6'10" George Mikan and the Minneapolis Lakers proved dominant. They routed the Washington Capitols in six games. This was the first of several successive NBA titles for the Lakers. It was the beginning of the George Mikan and the Lakers Dynasty. This was the first professional sports championship ever won by a Minneapolis-St. Paul-based team.
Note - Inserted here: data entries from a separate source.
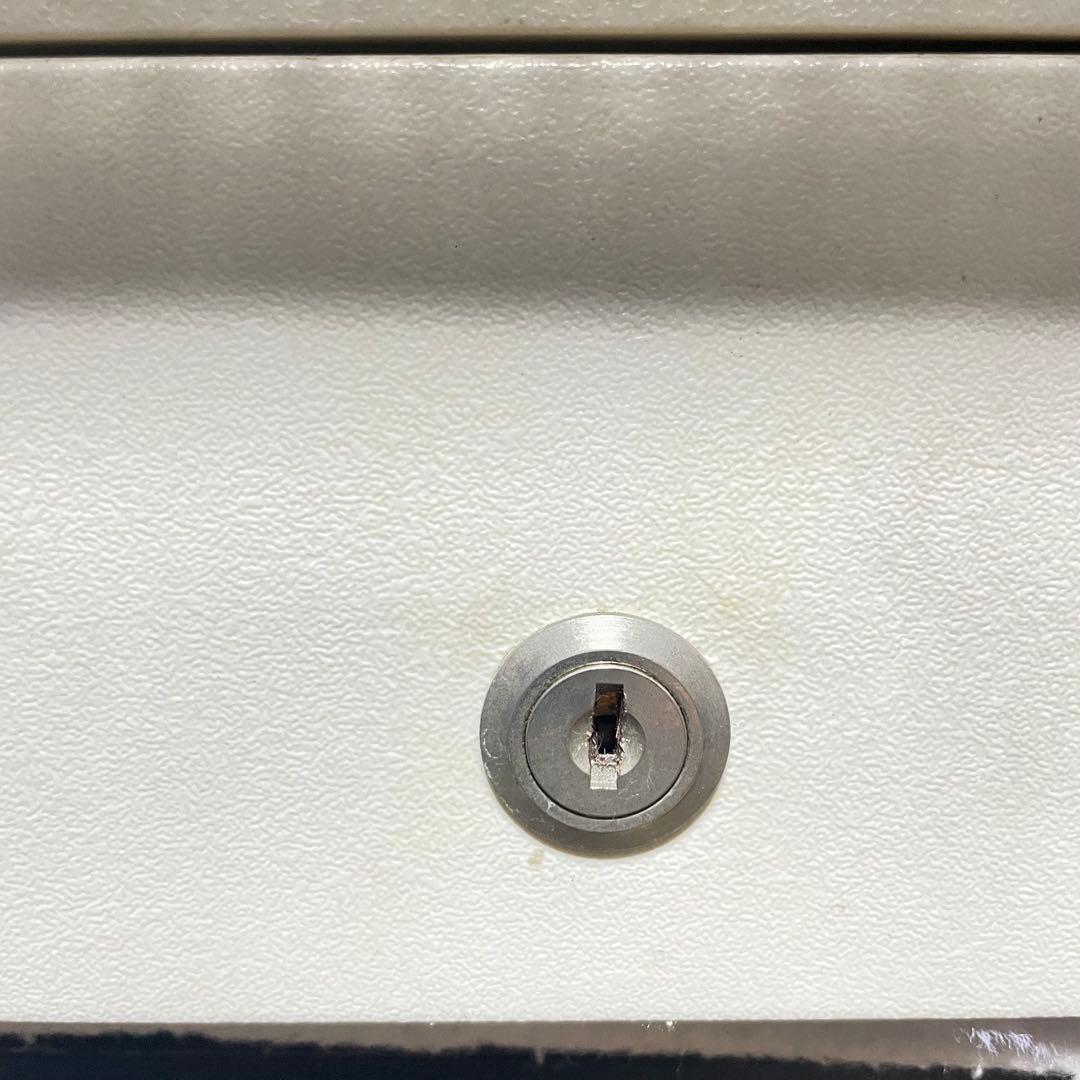 クローバーレジスター　N100LC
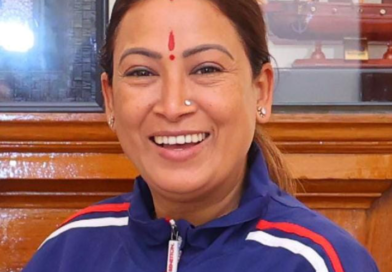 खेल विभाग: कॉन्ट्रैक्ट प्रशिक्षकों की निरंतरता बढ़ाने के निर्देश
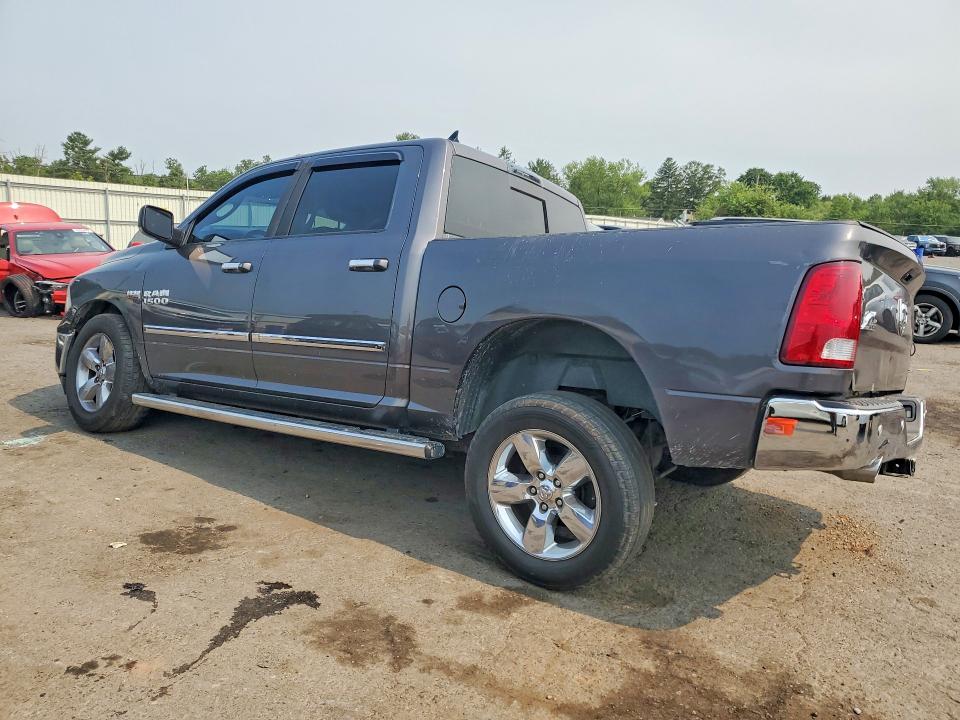 Продаж на аукціоні авто 2015 Ram 1500, vin: 1C6RR7LT8FS731355, номер лоту: 61203216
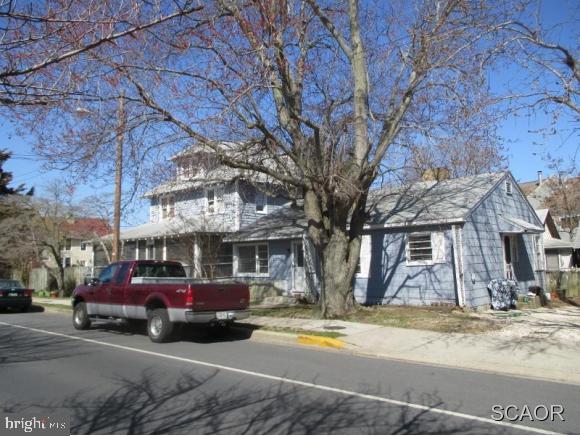 SOUTH REHOBOTH - Residential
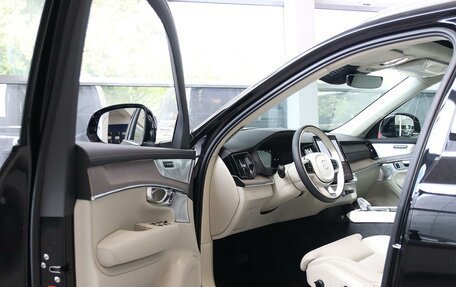 Volvo XC90 II рестайлинг, 2026 год, 10 200 000 рублей, 6 фотография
As for the Capitols, they would never reach the Finals again, but their coach in Red Auerbach would do so several times over the next two decades, and this represented his only loss in a Final until 1958 (Auerbach would win nine of his eleven appearances in a Final); this would be the first of six overall finals that featured Auerbach against the Lakers, for which he beat them five times, including in 1959 when he beat Kundla in his last game as head coach of the Lakers.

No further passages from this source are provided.